La campagne présidentielle de 2016 marque une rupture dans l’histoire politique américaine. De nouveaux thèmes abordés, de nouvelles manières de s’exprimer, des stratégies de ruptures inédites signent la fin d’un cycle historique, la fin de problématiques dont seuls les Américains se saisissaient. A droite comme à gauche, cette campagne aura été marquée par la peur, le repli et la colère. Il ne reste plus que des budgets faramineux dépensés dans cette campagne pour trouver encore une différence entre l’Europe et l’Amérique. Le « client-électeur » formule des demandes auxquelles les élites, « l’establishment » des partis ne répondent plus. Ce « divorce » avec les élites explique le succès de Donald Trump et aussi, en partie, celui de Bernie Sanders. Désormais, parce que les nombreux défis posés à l’Amérique ressemblent à ceux qu’affrontent les Européens, il était inévitable que les réponses proposées par les candidats soient similaires. Cette campagne possède plusieurs caractéristiques :
Une campagne de peur : peur du déclassement, peur de la paupérisation de la part d’une classe moyenne dont l’ascension sociale, pour la première fois depuis la création des Etats-Unis, semble moins assurée que le passé.
Une campagne de repli, ensuite : le messianisme des Pères fondateurs a disparu des discours des candidats à la présidentielle qui distillent des valeurs qui ne font plus écho qu’en Occident, actant de fait le relativisme culturel et moral qui le frappe.

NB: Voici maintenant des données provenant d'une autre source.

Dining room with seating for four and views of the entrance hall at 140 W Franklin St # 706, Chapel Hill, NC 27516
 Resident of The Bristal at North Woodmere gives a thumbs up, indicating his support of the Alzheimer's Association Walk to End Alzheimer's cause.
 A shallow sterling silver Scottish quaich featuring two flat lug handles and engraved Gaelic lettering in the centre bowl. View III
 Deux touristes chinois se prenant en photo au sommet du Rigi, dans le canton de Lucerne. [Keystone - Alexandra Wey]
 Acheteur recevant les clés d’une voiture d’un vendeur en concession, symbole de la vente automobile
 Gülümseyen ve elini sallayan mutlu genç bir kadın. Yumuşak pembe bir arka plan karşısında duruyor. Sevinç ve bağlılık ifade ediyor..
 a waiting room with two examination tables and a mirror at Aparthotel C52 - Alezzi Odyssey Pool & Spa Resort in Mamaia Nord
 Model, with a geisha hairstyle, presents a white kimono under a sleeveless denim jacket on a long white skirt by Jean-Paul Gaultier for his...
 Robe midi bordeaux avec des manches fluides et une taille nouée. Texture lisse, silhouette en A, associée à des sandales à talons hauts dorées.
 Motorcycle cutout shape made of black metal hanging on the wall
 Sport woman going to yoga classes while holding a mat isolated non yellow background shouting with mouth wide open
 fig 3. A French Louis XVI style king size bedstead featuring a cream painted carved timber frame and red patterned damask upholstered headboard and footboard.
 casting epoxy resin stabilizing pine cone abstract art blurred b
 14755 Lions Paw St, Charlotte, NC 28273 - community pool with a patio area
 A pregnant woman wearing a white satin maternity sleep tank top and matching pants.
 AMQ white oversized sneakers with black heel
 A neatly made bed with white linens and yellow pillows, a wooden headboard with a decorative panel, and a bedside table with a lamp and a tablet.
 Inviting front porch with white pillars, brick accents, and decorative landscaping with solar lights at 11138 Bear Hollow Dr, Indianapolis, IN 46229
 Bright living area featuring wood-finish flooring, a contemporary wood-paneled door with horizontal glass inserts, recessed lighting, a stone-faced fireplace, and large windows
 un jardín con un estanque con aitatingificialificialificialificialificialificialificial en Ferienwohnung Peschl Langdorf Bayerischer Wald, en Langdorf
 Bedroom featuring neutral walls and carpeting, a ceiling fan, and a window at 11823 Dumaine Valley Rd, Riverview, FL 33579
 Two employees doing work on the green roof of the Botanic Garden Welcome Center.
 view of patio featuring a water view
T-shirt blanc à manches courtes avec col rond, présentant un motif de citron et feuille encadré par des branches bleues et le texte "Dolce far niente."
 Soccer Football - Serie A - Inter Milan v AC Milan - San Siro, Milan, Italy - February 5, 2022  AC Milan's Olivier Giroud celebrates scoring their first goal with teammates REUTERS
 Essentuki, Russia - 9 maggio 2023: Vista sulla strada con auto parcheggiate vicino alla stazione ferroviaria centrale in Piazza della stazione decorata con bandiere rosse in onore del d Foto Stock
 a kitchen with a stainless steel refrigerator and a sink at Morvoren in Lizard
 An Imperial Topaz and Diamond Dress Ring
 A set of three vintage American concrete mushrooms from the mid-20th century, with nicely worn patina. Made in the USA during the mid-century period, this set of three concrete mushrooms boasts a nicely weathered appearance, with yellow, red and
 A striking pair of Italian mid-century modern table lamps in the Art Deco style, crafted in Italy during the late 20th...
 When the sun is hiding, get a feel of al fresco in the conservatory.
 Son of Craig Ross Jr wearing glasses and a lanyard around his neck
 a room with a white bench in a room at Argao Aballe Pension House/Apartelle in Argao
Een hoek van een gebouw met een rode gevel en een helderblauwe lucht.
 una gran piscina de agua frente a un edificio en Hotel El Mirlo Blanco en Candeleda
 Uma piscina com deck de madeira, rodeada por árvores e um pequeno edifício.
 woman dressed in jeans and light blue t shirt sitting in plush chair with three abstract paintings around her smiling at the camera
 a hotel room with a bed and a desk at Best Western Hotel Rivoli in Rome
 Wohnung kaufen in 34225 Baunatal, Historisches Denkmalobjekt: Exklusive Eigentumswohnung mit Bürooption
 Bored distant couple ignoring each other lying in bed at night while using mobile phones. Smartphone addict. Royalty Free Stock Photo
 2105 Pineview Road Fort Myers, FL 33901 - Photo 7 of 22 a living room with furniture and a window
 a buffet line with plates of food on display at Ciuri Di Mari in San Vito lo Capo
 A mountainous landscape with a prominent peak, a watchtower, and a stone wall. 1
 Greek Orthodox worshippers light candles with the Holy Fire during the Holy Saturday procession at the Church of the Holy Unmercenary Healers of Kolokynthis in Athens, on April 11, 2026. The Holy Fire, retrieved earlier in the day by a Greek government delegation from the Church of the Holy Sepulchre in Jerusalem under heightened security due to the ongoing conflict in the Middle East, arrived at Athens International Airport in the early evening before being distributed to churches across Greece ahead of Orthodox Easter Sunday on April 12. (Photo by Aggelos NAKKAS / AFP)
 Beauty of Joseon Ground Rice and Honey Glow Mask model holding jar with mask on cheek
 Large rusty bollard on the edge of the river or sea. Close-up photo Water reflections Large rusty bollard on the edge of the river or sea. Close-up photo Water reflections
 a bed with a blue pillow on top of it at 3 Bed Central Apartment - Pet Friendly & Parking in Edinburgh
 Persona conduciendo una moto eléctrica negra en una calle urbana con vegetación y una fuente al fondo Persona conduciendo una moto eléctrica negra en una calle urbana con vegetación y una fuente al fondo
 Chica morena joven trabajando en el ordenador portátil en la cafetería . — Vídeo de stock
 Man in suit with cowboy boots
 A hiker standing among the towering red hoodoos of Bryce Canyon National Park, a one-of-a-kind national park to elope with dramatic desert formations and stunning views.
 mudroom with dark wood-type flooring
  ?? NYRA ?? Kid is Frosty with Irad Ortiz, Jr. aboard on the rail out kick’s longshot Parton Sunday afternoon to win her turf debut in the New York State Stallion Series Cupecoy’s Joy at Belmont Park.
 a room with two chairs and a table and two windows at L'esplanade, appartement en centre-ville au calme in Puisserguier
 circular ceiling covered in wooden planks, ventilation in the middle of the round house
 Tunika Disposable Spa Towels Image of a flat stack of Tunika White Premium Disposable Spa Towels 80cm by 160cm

Une campagne de colère, enfin, colère principalement dirigée contre les élites. A l’exception notable d’Hillary Clinton, les trois autres prétendants à l’investiture encore en lice jusqu’au début du mois de mai 2016 – Bernie Sanders, Ted Cruz et Donald Trump – partagent la particularité d’être « hors système », en marge de « l’establishment » de leurs partis respectifs et de s’assumer comme tels. Une première en Occident. Les difficultés rencontrées par Hillary Clinton pour s’imposer à gauche proviennent du fait que les jeunes, comme on l’a vu dans le New Hampshire, les Latinos, comme on l’a constaté dans le Nevada, et plus globalement tous ceux qui se sentent en marge de la société américaine et exclus de la mondialisation, ont préféré la candidature de Bernie Sanders. Dans un contexte d’anti-intellectualisme, seule la frange des Américains éduqués, plutôt âgés, et insérés dans une mondialisation heureuse soutiennent sans réserve l’ancienne First Lady. La même opposition entre « inclus » et « exclus » de la mondialisation fractionne le paysage politique à droite.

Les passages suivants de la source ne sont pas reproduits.